ASSIGNMENT:
Transcribe the data exactly. Leave nothing out.

DATA:
= Beginning of Section =

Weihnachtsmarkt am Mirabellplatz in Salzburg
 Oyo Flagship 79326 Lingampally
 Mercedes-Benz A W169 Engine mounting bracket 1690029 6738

= End of Section =

RESULT BELOW:
Weihnachtsmarkt am Mirabellplatz in Salzburg
 Oyo Flagship 79326 Lingampally
 Mercedes-Benz A W169 Engine mounting bracket 1690029 6738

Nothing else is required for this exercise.